Today Stone Quarry Hill Art Park is open all year round to the public. Visitors explore trails and meadows while interacting with outdoor artwork that evolves and changes with every season, and will, once pandemic restrictions ease, be able to visit Hilltop House and Studio as well as The Riester Archive and Collection through guided tours, exhibitions, and programs. (The studio currently is used by Geoffrey Navias, a local artist whose work includes painting, mixed media, and woodworking.)
Dedicated to showcasing art from emerging and established artists, SQHAP is also committed to imagining and creating an Art Park that is more inclusive, equitable, and accessible. As Stone Quarry’s CEO Emily Zaengle describes, it is differentiating between “replicating and relevance. We want artists to engage with the home, the collection, the grounds—to add their histories, narratives, and voice to the conversation about art and land. That is the relevancy of the Riester story. It is not just retelling over and over what Dorothy accomplished in the 100 years she was alive; it is about carrying her ethos forward.”
Inclusion in the Historic Artists’ Homes and Studios Program not only expands the impact of Dorothy’s art and the Riesters’ vision beyond Cazenovia, but also includes Dorothy Riester’s work in broader conversations about the relevance and importance of midcentury design, art, and the environment.
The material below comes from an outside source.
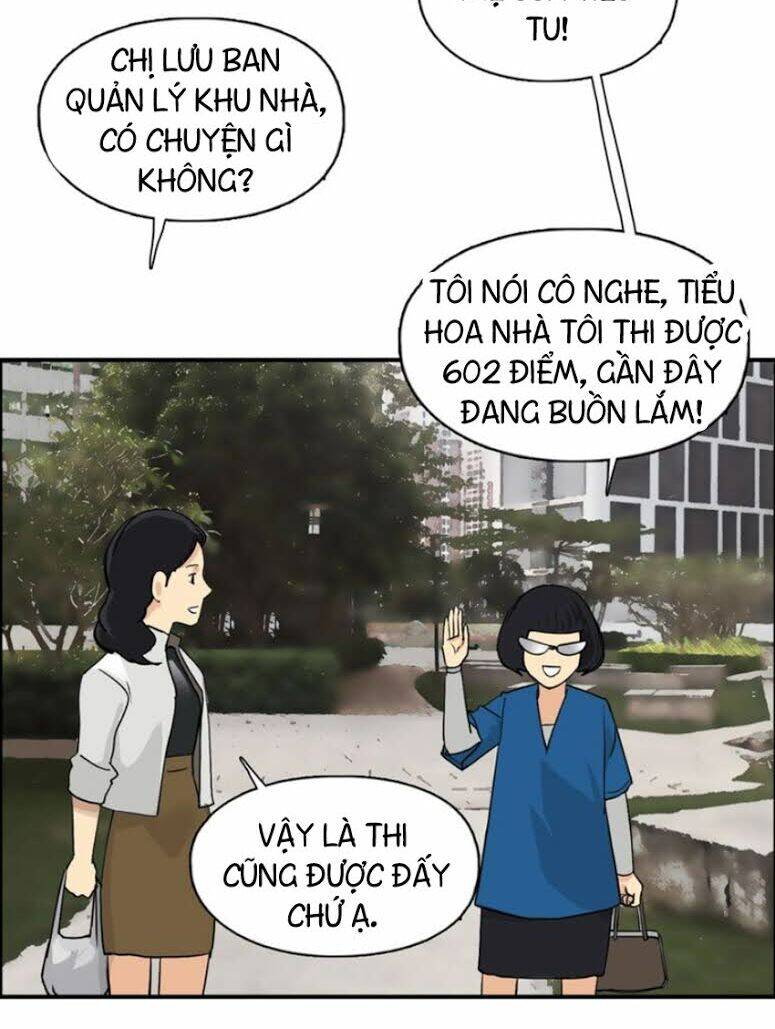 Siêu Năng Lập Phương Chapter 114 - 14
Tietje-Mietz says that “having Dorothy’s creative life included as part of the larger dialog of artists’ homes and studios will develop a more profound understanding of the importance of a life lived in art—especially one lived by a 20th-century woman artist. We are honored and beyond excited to be part of a community that both celebrates the range of environments shaped by artists and challenges itself to expand the traditional notions of historical importance.”